Mercatino etnico chiuso Masci: «No ai posti auto»

Il sindaco boccia la proposta dei consiglieri FdI di un parcheggio per lo shopping «Qualsiasi soluzione per il futuro dovrà essere valutata da tutta la maggioranza»
PESCARA. Da ieri mattina, il mercatino etnico e dell’integrazione ha chiuso ufficialmente i battenti. Anche l’unico ambulante che fin dal momento dell’inaugurazione, nell’aprile scorso, ha continuato ogni giorno a mettere in vendita la propria merce nel tunnel semideserto della stazione ferroviaria, è stato invitato a smantellare la propria bancarella. Nessuna protesta e nessun mugugno, né da parte degli amministratori di centrosinistra che nei mesi scorsi hanno voluto e realizzato quest’area sperimentale nel sottopasso della stazione centrale dei treni e né da parte della comunità senegalese, a sua volta protagonista di decine di battaglie all’interno delle aule consiliari per reclamare uno spazio in cui poter vendere i propri prodotti artigianali.

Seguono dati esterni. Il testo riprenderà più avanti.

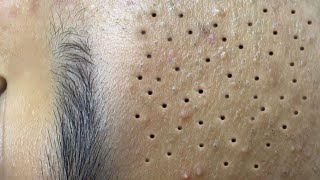 Big Cystic Acne Blackheads Extraction Blackheads amp Milia Whiteheads Removal Pimple Popping  6630 [upl. by Nelyt]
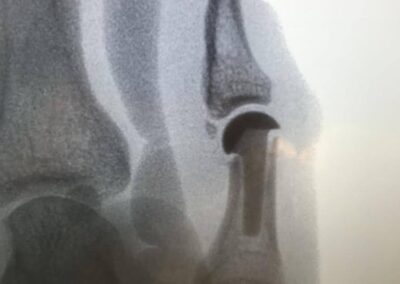 Joint Replacement Arthroplasty - Case 4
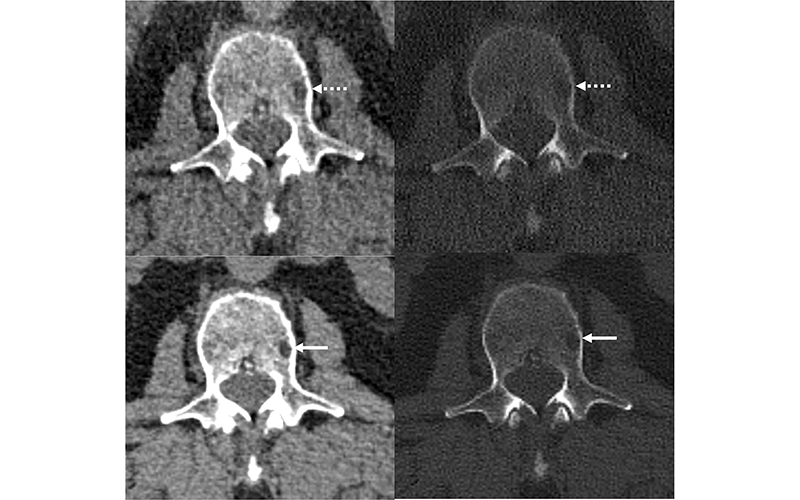 Baffour Radiology Image https://doi.org/10.1148/radiol.220311 ©RSNA 2022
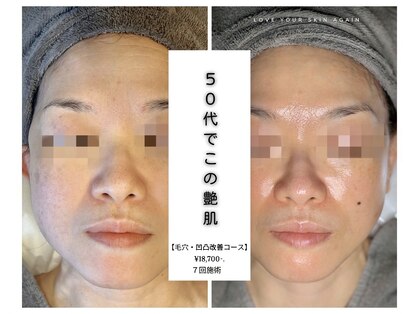 キュレイテッドスキン(CURATED SKIN)の写真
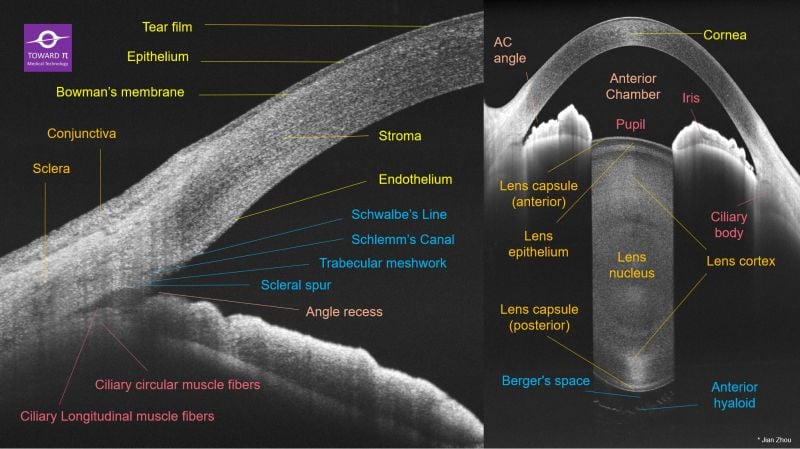 Diagram of Anterior Segment OCT: Cornea, AC, Lens, etc - TowardPi Medical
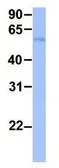 Anti-FAM134B antibody, Internal used in Western Blot (WB). GTX46622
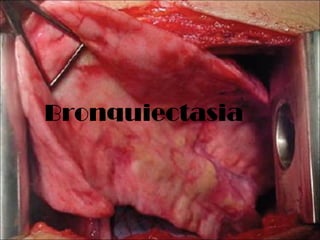 Bronquiectasia
 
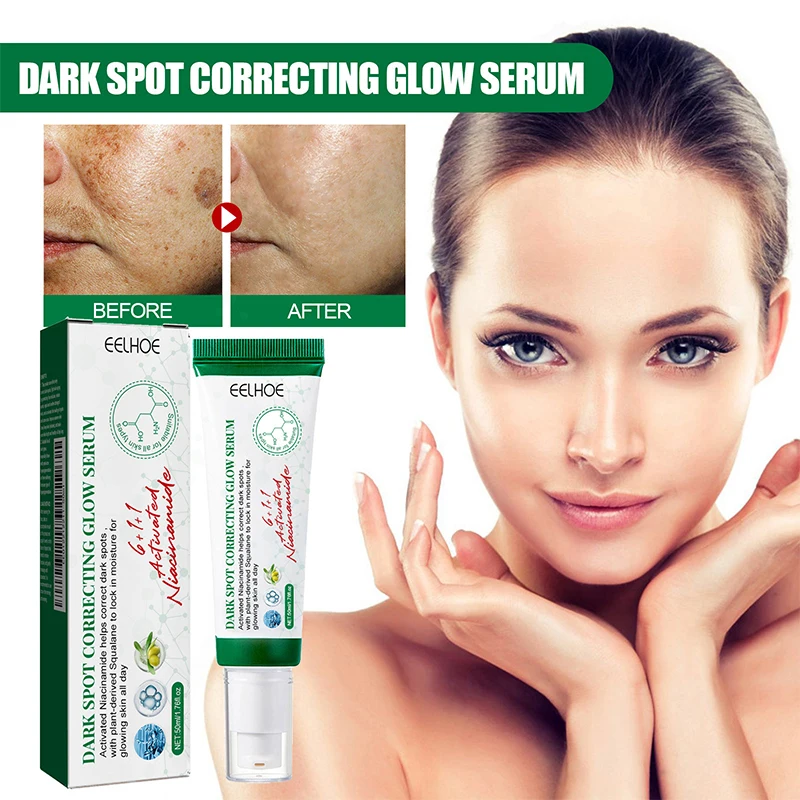 Facial Serum Dark Spot Correcting Glow Moisturizing Brightening Whitening Cream Reduce Freckles Dullness Acne And Melanin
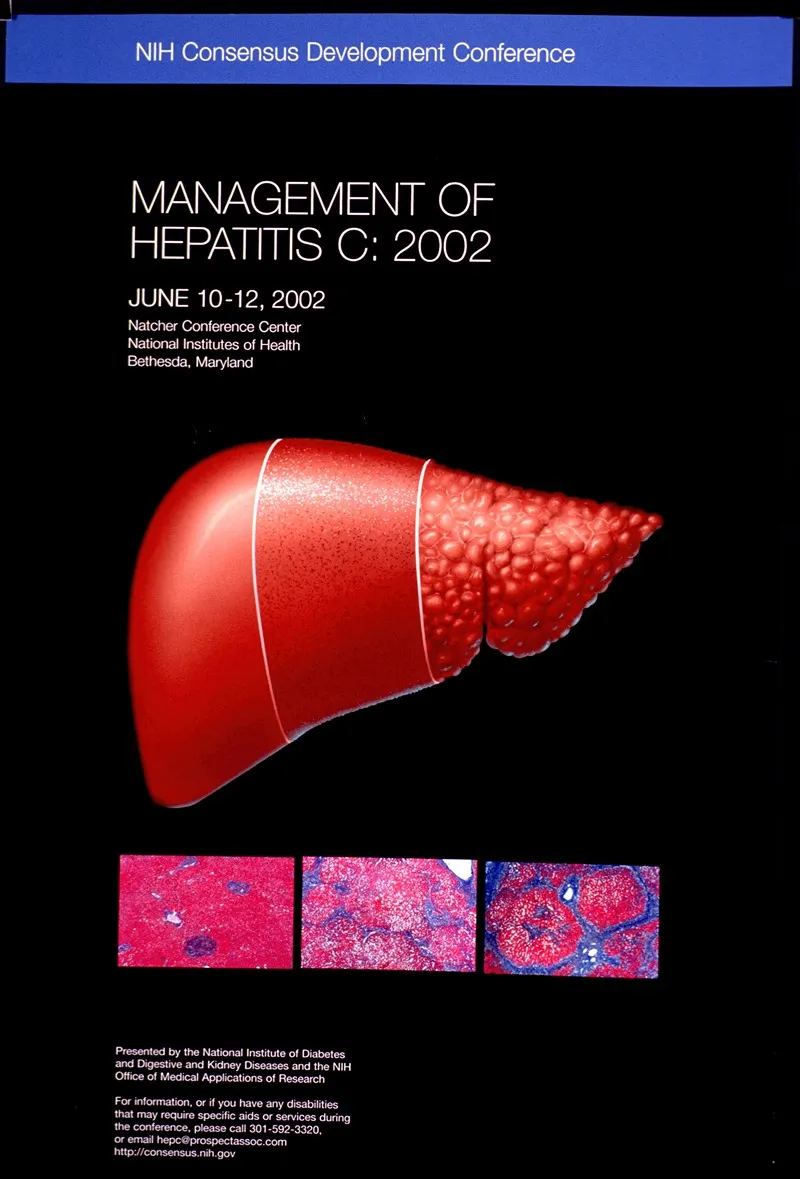Management Of Hepatitis C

Le uniche dichiarazioni sono quelle del centrodestra, soddisfatto di aver portato a casa una battaglia cominciata già con la fine del mandato dell’ex sindaco Marco Alessandrini. Adesso, con la firma della delibera di chiusura e con la revoca delle concessioni assegnate ad altrettanti ambulanti, regolarmente pagate ma di fatto utilizzate soltanto in rare occasioni, si apre il capitolo sulla nuova destinazione d’uso del tunnel ferroviario.
Il sindaco Carlo Masci per il momento frena sull’ipotesi di trasformarlo in un parcheggio, suggerita dai consiglieri comunali di Fratelli d’Italia Fabrizio Rapposelli e Massimo Pastore, e invita la sua maggioranza a un confronto aperto «per evitare gli errori del passato».
«L’eliminazione del mercatino etnico», sottolinea Masci, «era uno degli obiettivi programmatici di questa amministrazione, compreso anche nelle linee di mandato approvate durante il primo consiglio comunale, che abbiamo portato a termine. Lo avevamo detto all’ex sindaco Marco Alessandrini che sarebbe stato un fallimento e così è stato. Ora bisognerà ragionare insieme su quale possa essere la migliore destinazione per questo spazio. In tempi brevi potremmo pervenire a una soluzione provvisoria, non è escluso in vista delle festività natalizie. Ma poi ci dovremo confrontare anche con Ferrovie dello Stato per trovare la soluzione definitiva più funzionale, considerato anche il progetto generale di riqualificazione delle aree di risulta».
«Mi era stato dato mandato di chiudere il mercatino etnico entro sei mesi», rimarca l’assessore al commercio e alle attività produttive Alfredo Cremonese, «ho portato a termine questo impegno in cinque mesi e ne sono soddisfatto, perché non è stata una procedura semplice. Innanzitutto abbiamo dovuto verificare ogni giorno l’effettiva presenza in loco degli ambulanti a cui erano state assegnate le concessioni, perché in base a quanto previsto dalla legge regionale 23, del 2018, solo se le assenze superano i 30 giorni in un anno si può procedere con la revoca della concessione. Poi siamo andati avanti con la notifica dell’avvio del procedimento, abbiamo atteso le opposizioni, che non ci sono state e soltanto dopo abbiamo potuto notificare la decadenza della concessione e approvare la delibera di chiusura».
Riguardo a cosa farne adesso di quello spazio, Cremonese aggiunge: «Sarà la maggioranza a decidere, ma la mia idea resta quella di realizzare una cittadella dell’elettrico dedicata alla ricarica di auto e mezzi e all’affitto di biciclette elettriche».